I’m not sure what qualified Brisbane for this accolade but I found it a bit disconcerting, on being invited to a suburban barbecue about 2 weeks after arriving back in Oz, to be assured by the hostess that Brisbane “was a great place to bring up the children”. Here I was being confronted by this same statement one gazillion years after I had first puzzled over it. Talk about Deja Vu!

There is no doubt that Brisbane is a far different city now from what it was thirty years ago. In fact Brisbane is far different from how I remember it only two and a bit years ago when we spent our last night here before flying to Viet Nam. Brisbane did used to be a big sleepy hollow and, as any resident of this sunshine city will tell you, it took the Commonwealth Games and then the World Expo to wake Brivegas up from its slumber and “put it on the map”.

Brisbane now is a very pleasant place to live, hundreds of kilometres of well maintained bicycle and walking tracks, alfresco cafes at every street corner and in between, most old pubs have been renovated, there are sporting facilities, parks and shopping centres galore and the whole city has a leafy clean ambience that makes living here a dream.

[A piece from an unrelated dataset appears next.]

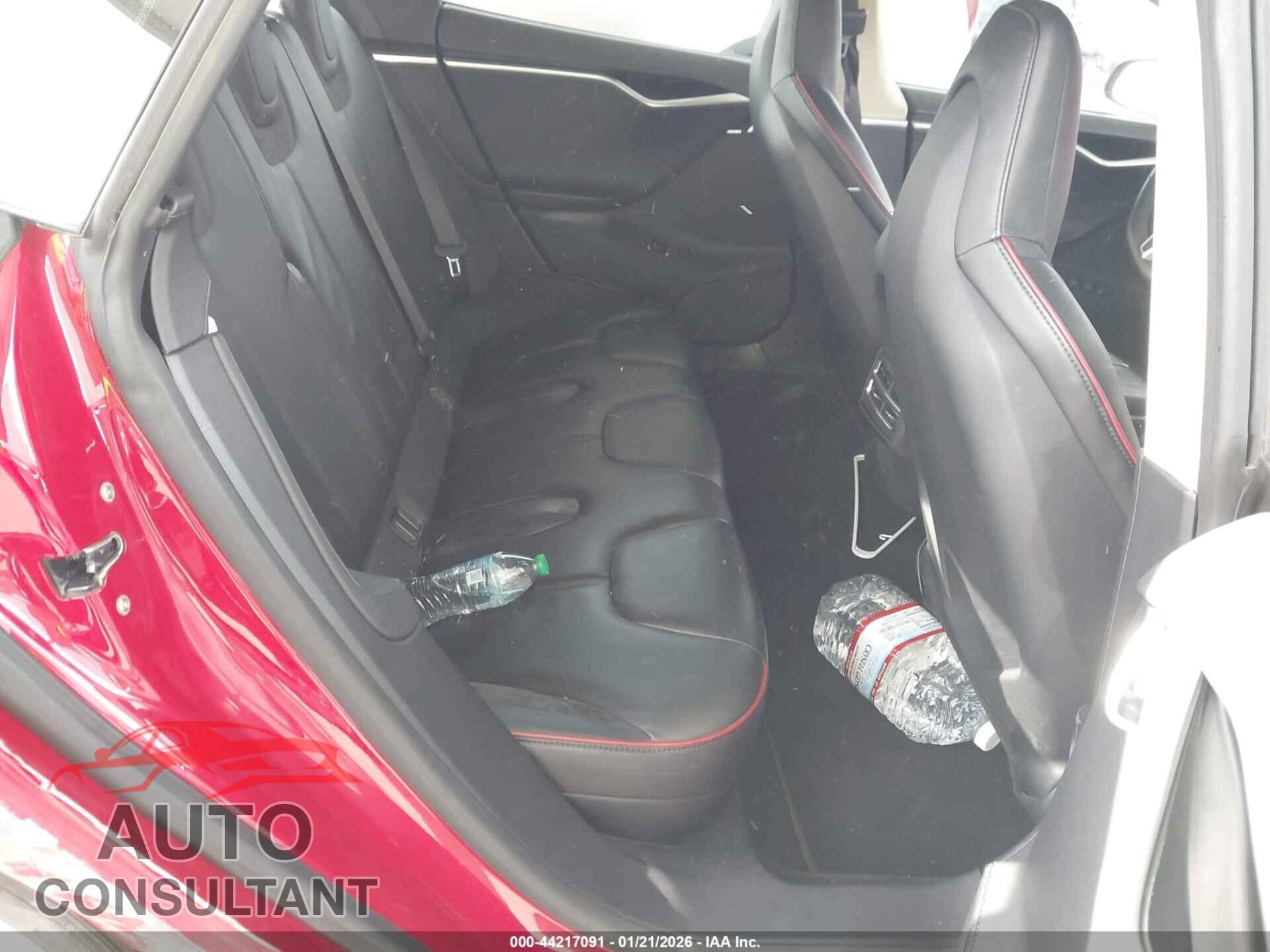TESLA MODEL S 2013 - 5YJSA1CP6DFP09365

I really can’t believe sometimes that we have been so lucky as to land positions here in a quality university set in such a beautiful location on the banks of the wonderful Brisbane River.

Maybe all of the above are some of the reasons why, if I was raising children right now, this would be a good place to do it. Brisbane people, indeed all Australians should give thanks every day for our good fortune to live where we do and have the things that we do.

But why is it that many Australians seem unhappy with their lot in life and seem driven to want “more”??